Apple referred to a statement from Jeff Williams, the chief operating officer, who said, “For family members who do not have an iPhone, Apple Watch offers a remarkable set of features that can help them keep in touch with loved ones, be more active and stay safe.”
Apple does not break out sales of the Apple Watch. To date, there are at least 120 million Apple Watch users — most of them in the United States — according to estimates by Counterpoint Research.
In China and South Korea, Huawei, Xiaomi and Samsung have also rapidly increased wearable sales among young people.
Any technology used by children raises questions of risks and harms. Social media platforms in particular have faced scrutiny in recent years, with lawmakers holding congressional hearings on the issue in 2021 and homing in on whether sites like Instagram led to poor self-esteem among teenagers.
But smartwatches are inherently limited in their abilities, said Jim Steyer, chief executive of Common Sense Media, a nonprofit that reviews media and technology for families. Since smartwatches have minimal apps and no web browser or camera, children are less likely to be exposed to distracting games, sexting and other adult content, he said. Not owning a smartphone also encourages children to continue learning how to do things independently, like completing homework assignments without looking up answers online, he said.
“You want to be able to contact them, but you don’t want them spending all day on a screen,” Steyer said.
Jean M. Twenge, who writes books on how tech contributes to generational differences, added that the longer that parents could hold off on providing children with a smartphone — and increased accessibility to social media and other internet wormholes — the better.
Receiving a smartphone later means children “will be older, more mature and more able to handle the challenges and potential dangers of having their own smartphone,” she said.
Still, buying a smartwatch for children can hook them to technology early. When young people use a product, they tend to remain loyal to the brand as they grow up and become working professionals, analysts said.
Jon Desi and his wife recently used an Apple Watch SE as training wheels for a smartphone for their daughter, Catie, when she was 10. When she started playing outside more at the beginning of the pandemic, they couldn’t find an “old-style phone” so their daughter would have more freedom to venture around their neighborhood in Hunt Valley, Maryland, they said. They settled on the Apple Watch instead.
“We wanted to give her a way to communicate without giving her Pandora’s box at the age of 10,” Desi said.
But the watch came with a stipulation: Catie had to charge it and wear it regularly, answer when they called and text back in a reasonable amount of time to receive a smartphone.

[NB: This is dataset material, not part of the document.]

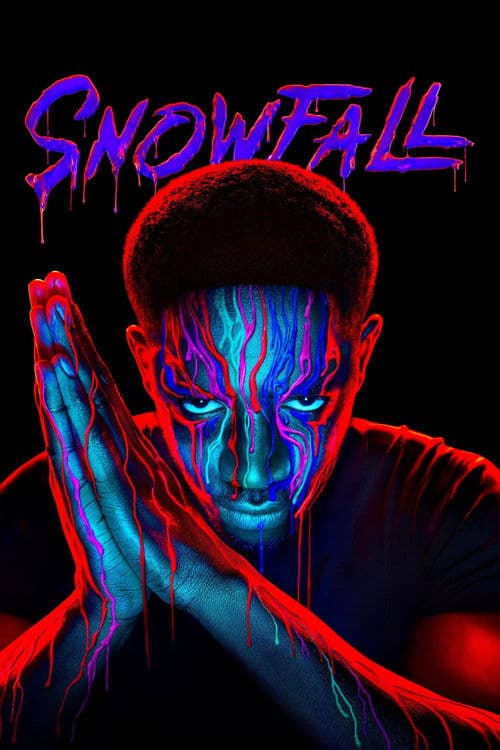 Póster de Snowfall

It became “the carrot to enforce responsible behaviors,” Desi said.
In July, he and his wife purchased an iPhone for Catie, now 11, and handed her Apple Watch down to their 10-year-old son, Tommy. When their 5-year-old daughter, Ellie, is older, they anticipate handing down the Apple Watch again.

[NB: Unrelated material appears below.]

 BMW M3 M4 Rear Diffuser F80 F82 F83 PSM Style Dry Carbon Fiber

“I had wanted it for a little while, and I was trying to earn it,” Tommy said. “It always looks cool when someone has it.”
A smartwatch is not a guaranteed delay to a cellphone. Todd Golub and his wife, who live in New York City, gave an Apple Watch SE to their son Ronan when he was 10, as he began exploring the city by himself. The watch was more difficult to break and lose than a phone, and Ronan used its mobile wallet to pay for food and public transit.

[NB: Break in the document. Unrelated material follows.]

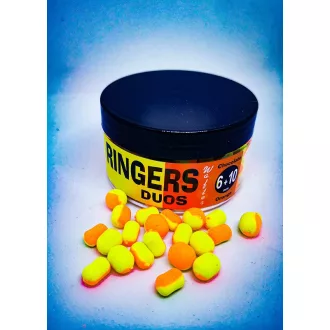 Ringers Duos Yellow-orange 6–10 mm wafter csali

But last fall, they bought an iPhone for Ronan, now 12, when he entered middle school because all his schoolmates had smartphones. Golub, 49, said he would have preferred to introduce a smartphone at least a year later but worried his son would feel like he was missing out.
“Should I have pushed that out further? Yes,” he said. “But I remember being their age.”
Now Ronan often forgets to charge and wear the watch. The watch, Golub said, is “almost irrelevant.”